Todo lo anterior puede matizarse país por país y período por período. A veces existe, se impone, es absolutamente necesario, el mayor grado de unidad, por imperfecta que ésta sea, pero el Presidente de los 50 estados de la Unión norteamericana y sus territorios “asociados”, “incorporados” y “no incorporados”, por utilizar el lenguaje del gobierno federal, debe conocer muy bien que desde el día en que se anunció su triunfo electoral, la oposición decidió hacerle la guerra, hasta el punto que el máximo lider senatorial republicano anunció, hace mucho tiempo, que la prioridad de su partido debía ser impedir su reelección. Es decir, que eso era más importante que aprobar presupuestos, evitar el problema del “techo” de la deuda y todo lo demás.

Así se comportan con frecuencia líderes de ambos partidos políticos. La obsesión con triunfar en las elecciones, a cualquier costo dentro de las limitaciones o ventajas del sistema, ha prevalecido sobre cualquier intento de unificarse para hacerle frente a los mayores problemas. El pastel es muy grande, tanto que impide repartirlo, lo cual parece una contradicción. La realidad política estadounidense al respecto consiste en que con excepciones fundamentales, como en los períodos presididos por Ronald Reagan y Bill Clinton, aunque sin “unidad política”, los presidentes pudieron gobernar con bastante efectividad.  Aquí no surgen con frecuencia líderes como Reagan y Clinton.

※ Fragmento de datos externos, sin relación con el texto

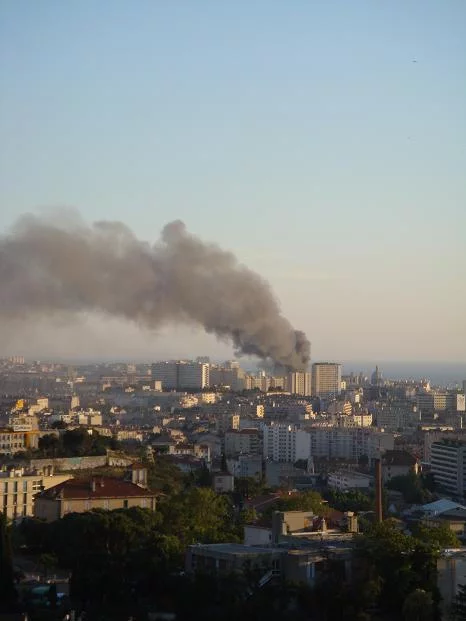 Le panache de fumée dégagée par l'incendie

Tristemente, si los demócratas quieren gobernar realmente tendrán que lograr mayoría en la Cámara para fortalecer su actual control de la Casa Blanca y el Senado. Y si los republicanos quieren echar abajo el “Obamacare” y todo lo demás, tendrán que triunfar en el 2016 en las elecciones presidenciales y obtener mayoría en ambos cuerpos colegisladores. Mientras tanto, con el ambiente actual y la feria de extremistas y demagogos de distinto cuño, la “unidad política” solicitada razonablemente por el Presidente, será más un mito que un objetivo que se puede alcanzar.